*Work item:* The required output is every line from the one containing "1970s Pair Of" through the last line of the listing below, copied exactly, pictures excluded.

*Data shown:*

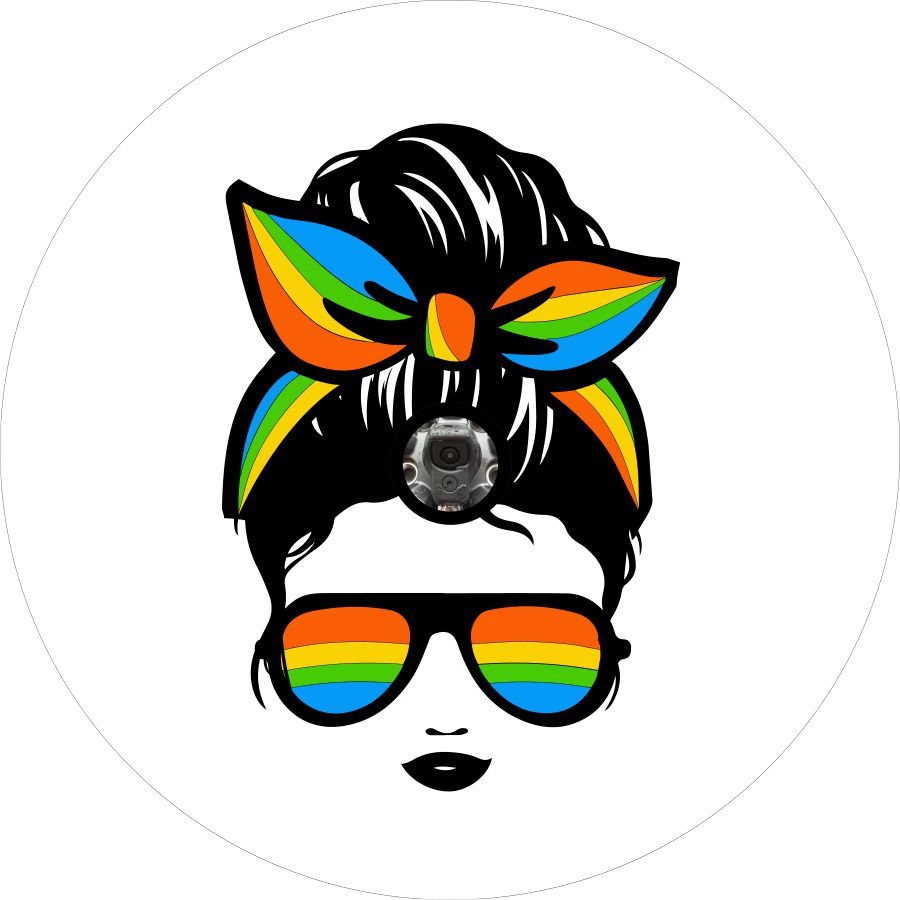 Messy Bun Woman Silhouette With Rainbow Bandana and Sunglasses Bronco Spare Tire Cover - Speedlogix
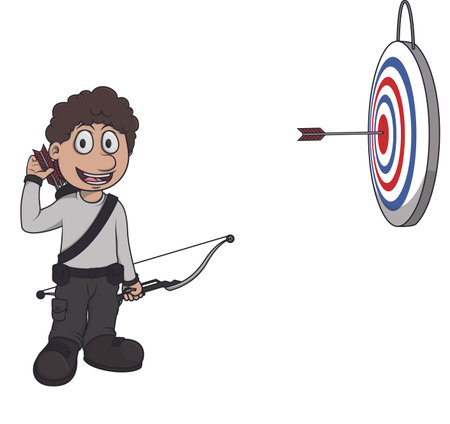 Archer with arrow target vector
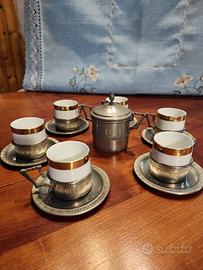 Servizio tazzine caffè  "Porcellana e Peltro"
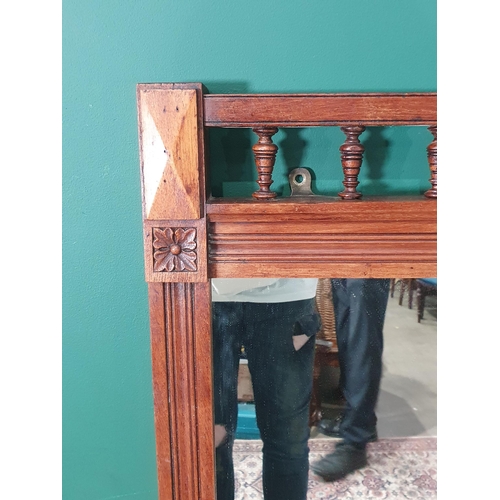 221 - An Edwardian Wall Mirror, with spindle gallery to the top, 4ft 2in H x 3ft 9in W (R10)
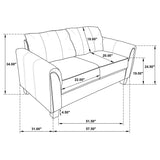 Davis Grey 3-Piece Upholstered Rolled Arm Sofa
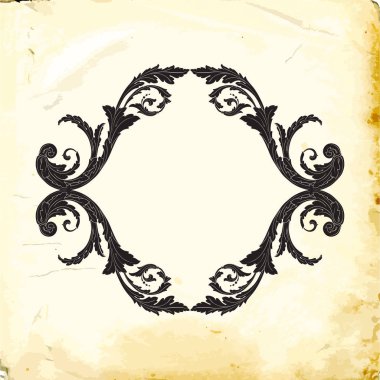 Tasarım için vintage elementlerin vektör barok 'u. 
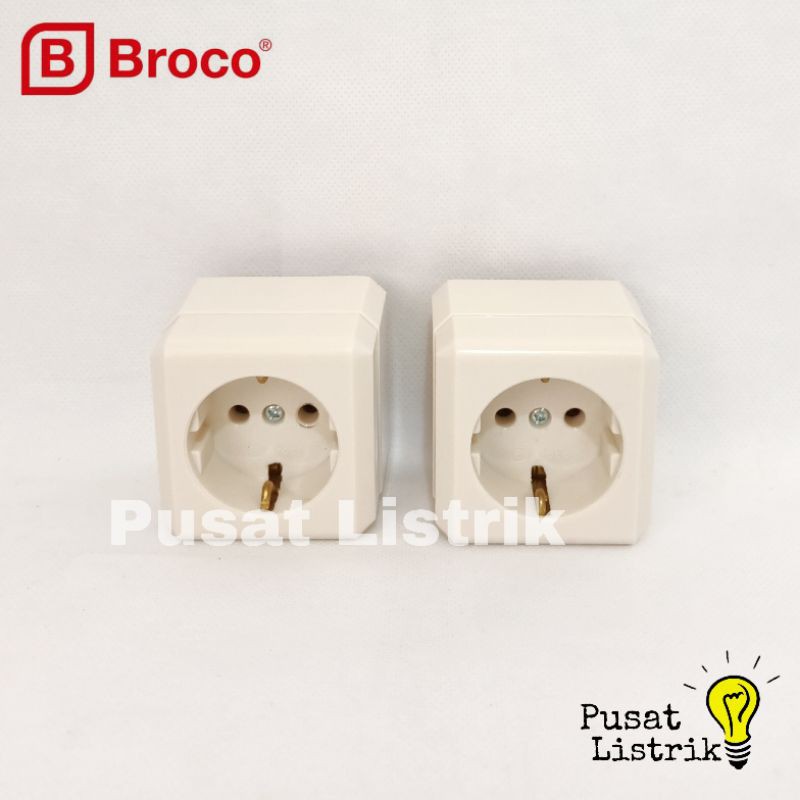 OB Stop Kontak Arde New Gee Broco Socket Outlet Outbow Cream Broco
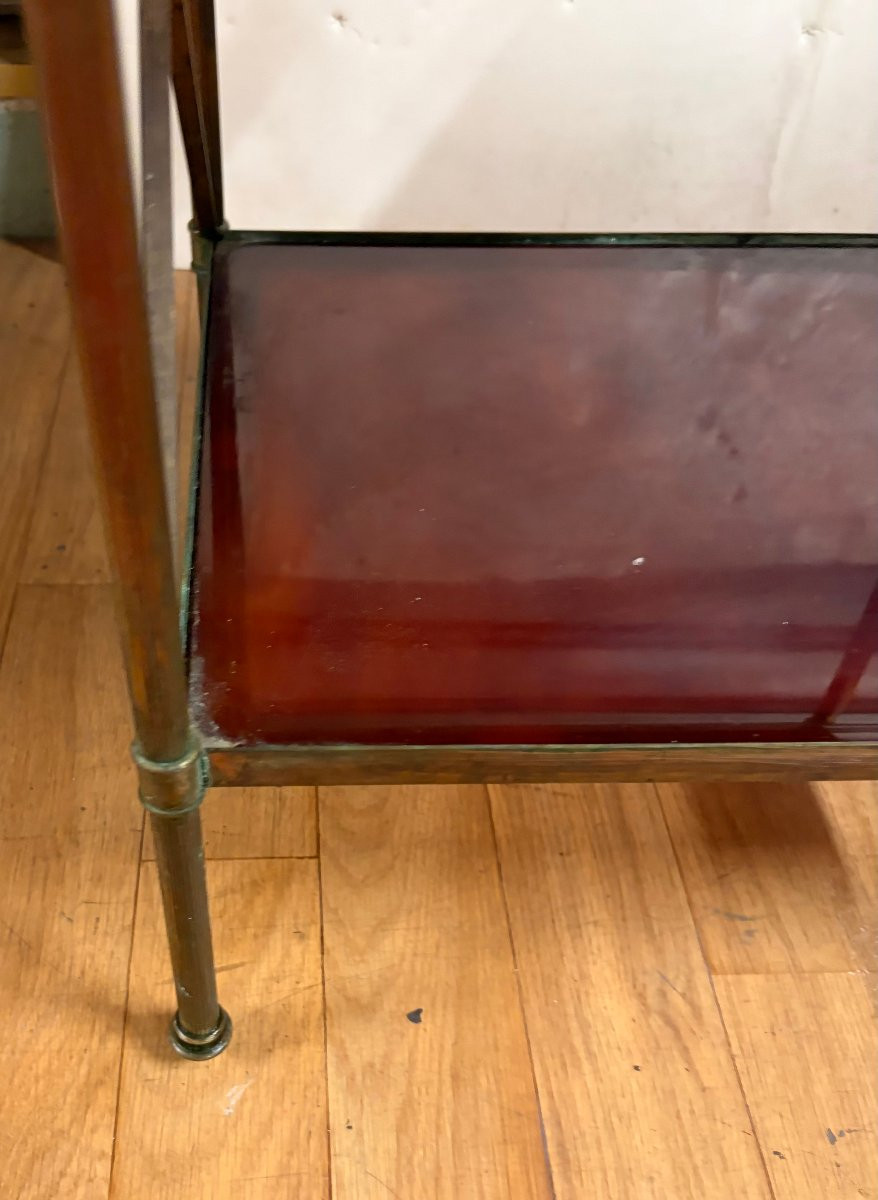 1970s Pair Of 3-tier Bronze Bakelite Side Tables By Maison Baguès 32x40xh63cm-photo-8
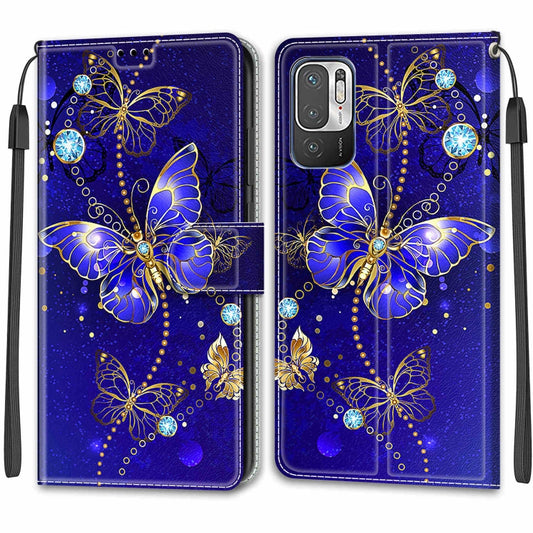 Voltage Coloured Drawing Magnetic Clasp Horizontal Flip PU Leather Case with Holder & Card Slots For Xiaomi Redmi Note 10 5G(C11 Blue Golden Chain Butterflies) by buy2fix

*Solution below:*
 1970s Pair Of 3-tier Bronze Bakelite Side Tables By Maison Baguès 32x40xh63cm-photo-8
 Voltage Coloured Drawing Magnetic Clasp Horizontal Flip PU Leather Case with Holder & Card Slots For Xiaomi Redmi Note 10 5G(C11 Blue Golden Chain Butterflies) by buy2fix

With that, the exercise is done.